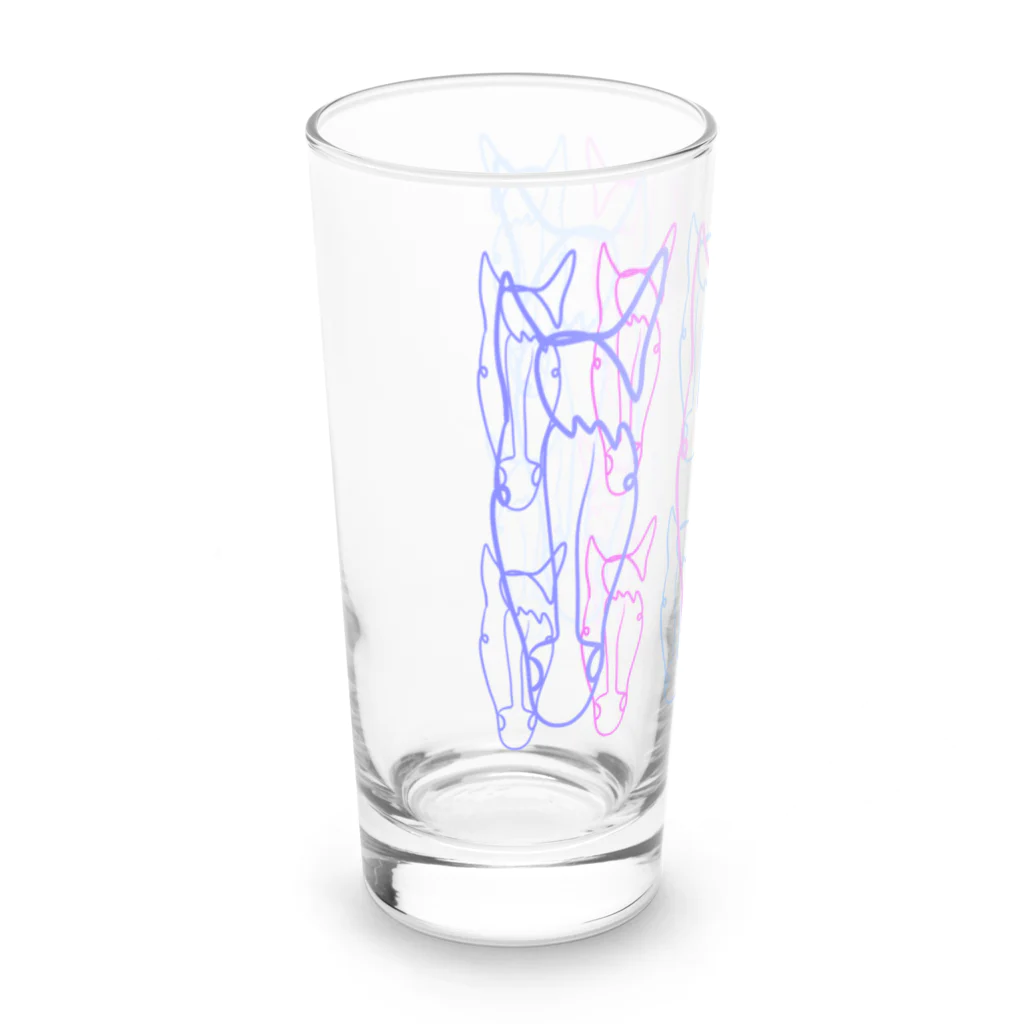 おはる屋さんのカラフルな馬さん Long Sized Water Glass :left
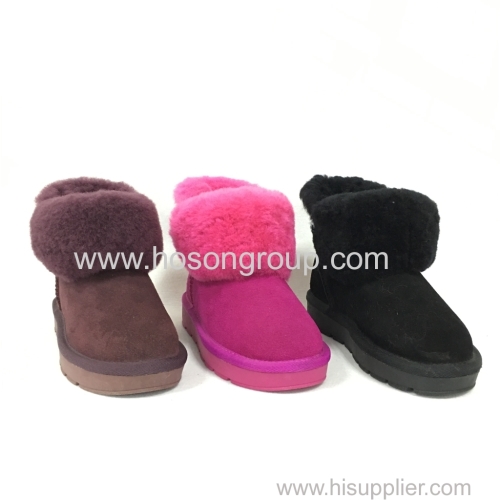 Children clip on warm snow boots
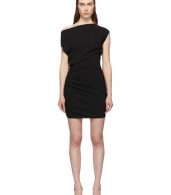 photo Black Ruched Sleeveless Dress by Versace - Image 1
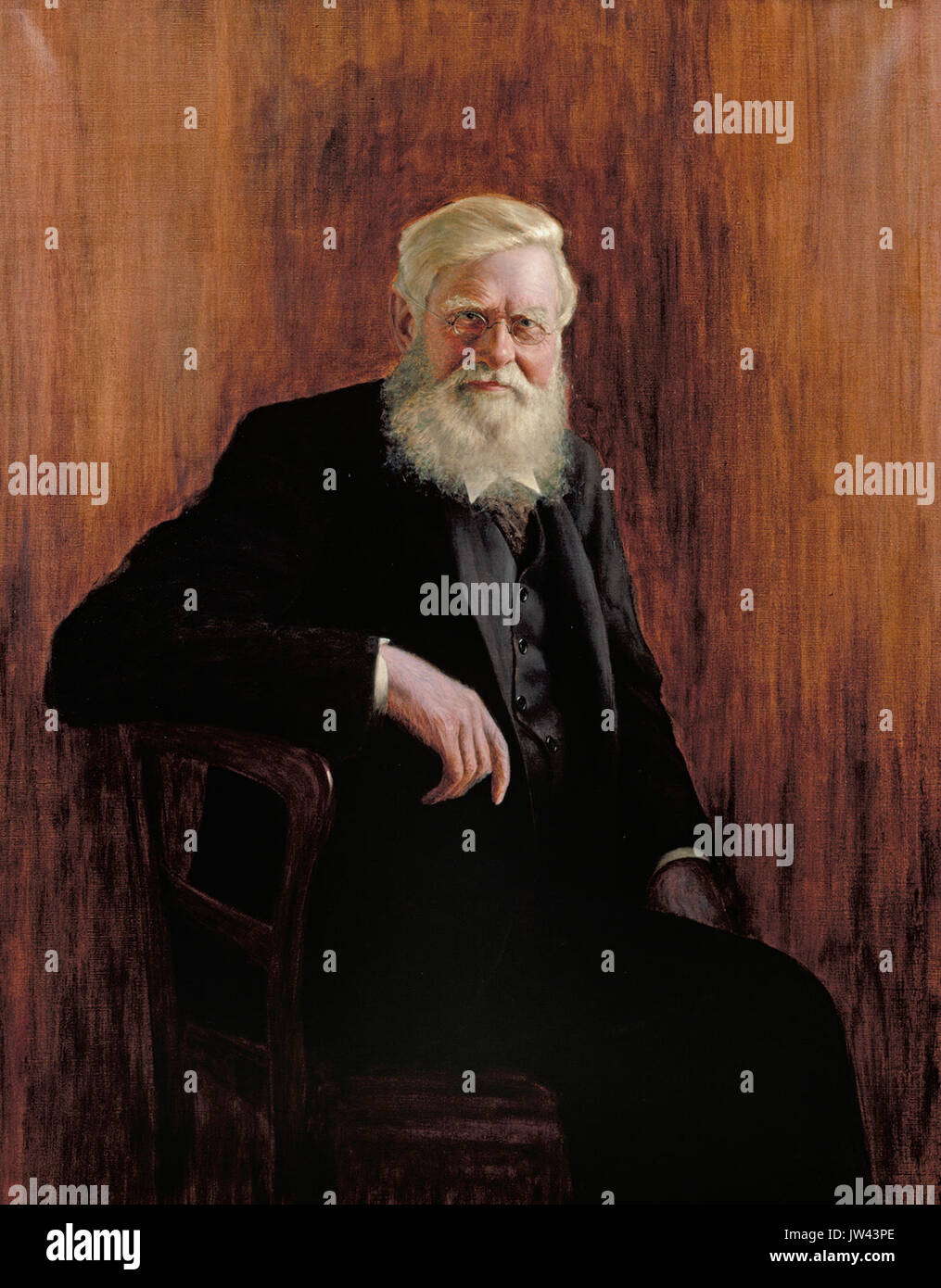 Alfred Russel Wallace, attributed to John William Beaufort (1864 1943) Stock Photo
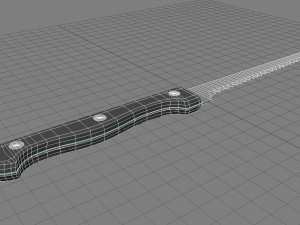 steak knife 3D Model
------------------------------
### What you are asked to do
Pictures in the entries are to be skipped, and everything else repeated word for word.

### Written answer
 おはる屋さんのカラフルな馬さん Long Sized Water Glass :left
 Children clip on warm snow boots
 photo Black Ruched Sleeveless Dress by Versace - Image 1
 Alfred Russel Wallace, attributed to John William Beaufort (1864 1943) Stock Photo
 steak knife 3D Model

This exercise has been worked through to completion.